‘Agile’ and ‘lean startup’ are the latest project management buzzwords. What they really mean is we can work in fast development cycles, test out ideas and either move on quickly if they don’t work or build a use case for wider rollout – very useful if you’re not sure whether a new technology is worth investing in or not.
The key is to focus on small initiatives that target small, measurable sub-sections of customers. These will prove the business case for broader changes. If you can show the business what relevant, targeted innovation can do for your uptake and conversion, you’re more likely to get agreement to bigger initiatives.
5 steps to innovation:
Step 1 – choose an area relevant to the customer
- Focus on something which definitely has an impact on customer behaviour
- Who uses the retail app is a good place to start, as the data is ‘owned’ by the retailer, it’s easy to access and customers have opted into providing information by downloading it. This is important – there’s a fine line between providing a personal service and ‘stalking’ your customer
Step 2 – analyse the data to identify customer profiles and activity:
- When and where they access the app – when they’re out shopping, in-store, in the changing room etc
- What they use it for – product comparison, special offers, price checks, advice and so on
Step 3 – use the results to segment customer behaviour
- When and how they are most likely to make a purchase
- Which initiatives they are most likely to respond to – does the data indicate that they like receiving product-specific offers when they’re in-store, do they look for additional product information when making big-ticket purchases?
Step 4 – experiment with small initiatives and swift iterations
- Select one or two areas where you can make changes based on customer behaviour – if the data shows that they respond to alerts about product offers, trial in-aisle deals and discounts related to previous purchases. If they tend to make significant purchases based on special occasions, trial birthday offers related to wishlists. Limit activity to a couple of stores so that the data and results can be managed easily and without too much disruption to the business as a whole.
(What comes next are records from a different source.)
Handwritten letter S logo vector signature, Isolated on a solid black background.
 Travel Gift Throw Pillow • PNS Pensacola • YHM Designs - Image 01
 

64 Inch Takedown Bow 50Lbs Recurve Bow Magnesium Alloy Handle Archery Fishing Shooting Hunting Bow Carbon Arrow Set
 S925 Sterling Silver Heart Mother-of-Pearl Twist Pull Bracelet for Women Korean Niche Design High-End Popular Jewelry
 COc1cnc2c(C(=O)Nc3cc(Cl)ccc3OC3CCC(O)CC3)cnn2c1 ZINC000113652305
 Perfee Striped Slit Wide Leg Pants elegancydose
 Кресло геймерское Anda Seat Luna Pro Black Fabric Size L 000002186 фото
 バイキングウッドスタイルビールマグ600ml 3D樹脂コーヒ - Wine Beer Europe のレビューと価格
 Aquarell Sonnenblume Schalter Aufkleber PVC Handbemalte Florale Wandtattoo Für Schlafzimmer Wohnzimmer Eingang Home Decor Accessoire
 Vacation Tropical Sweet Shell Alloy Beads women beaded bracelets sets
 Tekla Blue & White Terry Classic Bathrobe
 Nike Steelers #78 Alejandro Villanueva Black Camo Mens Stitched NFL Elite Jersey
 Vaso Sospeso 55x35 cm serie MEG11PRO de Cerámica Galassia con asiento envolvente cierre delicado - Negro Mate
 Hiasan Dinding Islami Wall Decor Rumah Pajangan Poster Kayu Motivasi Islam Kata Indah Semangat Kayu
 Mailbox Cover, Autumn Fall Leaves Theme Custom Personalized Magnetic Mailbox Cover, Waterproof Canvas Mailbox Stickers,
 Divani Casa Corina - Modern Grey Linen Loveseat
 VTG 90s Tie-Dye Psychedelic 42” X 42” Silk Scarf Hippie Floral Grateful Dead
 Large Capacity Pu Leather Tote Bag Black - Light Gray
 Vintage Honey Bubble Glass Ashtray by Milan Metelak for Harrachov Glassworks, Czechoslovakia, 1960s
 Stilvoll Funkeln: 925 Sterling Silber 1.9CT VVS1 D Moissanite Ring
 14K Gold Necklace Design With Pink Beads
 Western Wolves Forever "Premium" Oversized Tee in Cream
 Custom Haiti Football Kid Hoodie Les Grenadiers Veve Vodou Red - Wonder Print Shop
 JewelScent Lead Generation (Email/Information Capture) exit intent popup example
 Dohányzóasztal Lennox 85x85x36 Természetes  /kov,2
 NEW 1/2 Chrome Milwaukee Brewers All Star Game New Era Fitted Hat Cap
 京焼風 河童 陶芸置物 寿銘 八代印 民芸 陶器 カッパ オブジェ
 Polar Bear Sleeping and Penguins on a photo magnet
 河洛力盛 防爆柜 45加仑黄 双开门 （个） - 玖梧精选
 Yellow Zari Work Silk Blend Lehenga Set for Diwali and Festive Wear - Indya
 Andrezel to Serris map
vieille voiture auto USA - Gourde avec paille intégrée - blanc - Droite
- Focus on where customers are likely to buy (context) and when they buy (chronology) to pinpoint the best time and place for data-led initiatives
Step 5 – gather the results to make a business case
- Small, swift iterations allow you to quickly access the outcomes, analyse the results and get a sound idea of the impact of your initiative
- Make sure you have a control group so that the business can easily see the impact your initiative has made outside of the wider business conditions
- Impact analysis and implementation results can be built into an evidence-based business case in advance of the full rollout – ‘try before you trust’ can be key to selling in a concept as it minimises risk and investment.